EADS impliqué dans une affaire de corruption liée à la vente d'avions de combat à l'Autriche

La justice s’intéresse  en Allemagne, en Suisse et en Autriche à la vente de l’avion de combat Eurofighter d’EADS à l’Autriche. Des bureaux d’EADS et le domicile de certains cadres haut-placés ont été perquisitionnés en Allemagne. La société EADS aurait versé 113,5 millions d’Euros, de façon illégale, à des intermédiaires douteux, pour acheter des décideurs politiques autrichiens et verser des rétro-commissions à des responsables d’EADS.  Une autre affaire de corruption impliquant EADS était déjà en cours d’enquête à propos d’un contrat saoudien.

L’argent transitait par des sociétés domiciliées dans des paradis fiscaux, dont l’activité et les avoirs se réduisaient à la location d’une boîte aux lettres. Parmi celles-ci, Vector aerospace LL, installée à Londres, une structure montée à cet effet en 2005par Gianfranco Lande, un homme d’affaire lié à la mafia Calabraise incarcéré en Italie dans le cadre d’une autre affaire. Celui-ci a déclaré un juge italien l’année dernière que le montage avait été fait à la demande des deux responsables de  la division militaire d’EADS,

 Parmi les bénéficiaires des pots de vin figurerait le leader du FPÖ, (le parti autrichien d’extrême droite),  Jörg Haider, décédé depuis, qui , comme le ministre des finances autrichien, Heinz Grasser, du même parti, s’était d’abord opposé à l’achat de l’eurofighter avant de s’y rallier. Un député vert du parlement autrichien, Peter Pilz, tente d’obtenir la mise en place une commission d’enquête sur le financement des campagnes électorales du FPÖ. Haider aurait été aussi indirectement aidé via une fondation qui investissait dans des projets en Carinthie, son fief électoral. Sans parler des classiques valises de billets voyageant d’Allemagne en Autriche. Il y aurait d’autres bénéficiaires dans d’autres partis.

L’affaire menace d’entraîner l’annulation du contrat avec l’Autriche (18 appareils pour un montant de deux milliards d’euros), qui a été violé, le versement de dommages considérables par EADS à l’Autriche, et par ricochet de compromettre l’exportation de l’appareil en Suisse, où il est en concurrence avec un avion suédois pour équiper l’armée de l’air helvétique. La perte des marchés à l’exportation aurait aussi pour conséquence de renchérir considérablement le prix unitaire des 140 appareils déjà commandés par l’armée allemande.

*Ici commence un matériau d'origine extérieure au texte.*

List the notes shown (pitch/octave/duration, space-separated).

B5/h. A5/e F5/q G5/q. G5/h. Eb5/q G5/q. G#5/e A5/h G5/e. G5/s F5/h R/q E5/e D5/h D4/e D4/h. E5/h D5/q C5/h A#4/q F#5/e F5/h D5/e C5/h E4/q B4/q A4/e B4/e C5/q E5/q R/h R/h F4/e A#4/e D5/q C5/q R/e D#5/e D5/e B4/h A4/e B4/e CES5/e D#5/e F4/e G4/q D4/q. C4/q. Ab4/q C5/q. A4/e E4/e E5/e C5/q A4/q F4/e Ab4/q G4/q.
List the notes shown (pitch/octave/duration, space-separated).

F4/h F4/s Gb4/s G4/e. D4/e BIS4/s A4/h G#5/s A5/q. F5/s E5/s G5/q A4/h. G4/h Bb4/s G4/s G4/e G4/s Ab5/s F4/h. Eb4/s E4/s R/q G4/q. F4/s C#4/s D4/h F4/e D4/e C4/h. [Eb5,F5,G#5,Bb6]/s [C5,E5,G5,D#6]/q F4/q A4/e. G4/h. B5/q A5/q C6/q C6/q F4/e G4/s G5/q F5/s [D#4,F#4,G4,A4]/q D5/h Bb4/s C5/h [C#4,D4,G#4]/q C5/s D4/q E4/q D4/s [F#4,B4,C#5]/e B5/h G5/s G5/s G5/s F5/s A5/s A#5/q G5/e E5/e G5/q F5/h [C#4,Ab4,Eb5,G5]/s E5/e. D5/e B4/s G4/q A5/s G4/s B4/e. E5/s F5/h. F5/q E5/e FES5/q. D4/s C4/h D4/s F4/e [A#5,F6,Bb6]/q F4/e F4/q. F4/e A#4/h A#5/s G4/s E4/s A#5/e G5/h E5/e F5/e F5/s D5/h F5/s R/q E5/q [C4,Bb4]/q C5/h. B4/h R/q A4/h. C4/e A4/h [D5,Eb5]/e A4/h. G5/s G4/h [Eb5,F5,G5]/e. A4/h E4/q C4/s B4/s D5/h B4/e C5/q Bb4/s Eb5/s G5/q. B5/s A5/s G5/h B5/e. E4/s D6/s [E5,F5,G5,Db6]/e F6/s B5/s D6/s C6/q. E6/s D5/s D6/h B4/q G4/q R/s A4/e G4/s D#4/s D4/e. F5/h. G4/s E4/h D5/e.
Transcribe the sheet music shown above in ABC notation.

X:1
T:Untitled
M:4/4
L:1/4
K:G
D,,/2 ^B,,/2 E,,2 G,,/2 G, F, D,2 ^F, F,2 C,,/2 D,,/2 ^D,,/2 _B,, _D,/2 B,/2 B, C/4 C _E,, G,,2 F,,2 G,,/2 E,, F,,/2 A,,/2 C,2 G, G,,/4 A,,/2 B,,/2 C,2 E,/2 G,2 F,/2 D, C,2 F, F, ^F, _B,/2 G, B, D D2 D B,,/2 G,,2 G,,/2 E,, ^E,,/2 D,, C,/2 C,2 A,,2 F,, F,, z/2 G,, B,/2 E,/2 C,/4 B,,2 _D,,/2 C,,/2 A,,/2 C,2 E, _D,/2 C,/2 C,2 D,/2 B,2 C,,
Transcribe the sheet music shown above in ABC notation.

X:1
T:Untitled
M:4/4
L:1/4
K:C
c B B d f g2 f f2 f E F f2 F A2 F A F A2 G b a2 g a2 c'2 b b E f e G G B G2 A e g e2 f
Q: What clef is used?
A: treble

Dans la mesure où le versement de 113,5 millions a difficilement pu échapper à la direction d’EADS, Tom Enders, la tête de l’entreprise, pourrait assez rapidement sauter, même sans être personnellement mis en cause par la justice.

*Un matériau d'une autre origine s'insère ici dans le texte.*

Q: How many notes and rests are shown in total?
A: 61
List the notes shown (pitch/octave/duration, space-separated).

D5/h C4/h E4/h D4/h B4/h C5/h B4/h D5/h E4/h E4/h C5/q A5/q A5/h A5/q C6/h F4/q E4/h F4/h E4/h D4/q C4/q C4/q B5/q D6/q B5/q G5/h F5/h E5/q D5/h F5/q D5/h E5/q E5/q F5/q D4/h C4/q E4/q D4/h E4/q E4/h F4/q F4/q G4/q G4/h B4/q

Cette affaire présente nombre de fortes similitudes avec les affaires dites de Karachi, des frégates de Taïwan etc …, dont mediapart nous a informé. S’il y a une différence, elle est dans la célérité de la justice et de la police.

Le commerce des armes et l’industrie d’armement sont une fois de plus intrinsèquement liés à la corruption à grande échelle… Mais je ne doute pas qu’il se trouvera ici des thuriféraires du Rafale !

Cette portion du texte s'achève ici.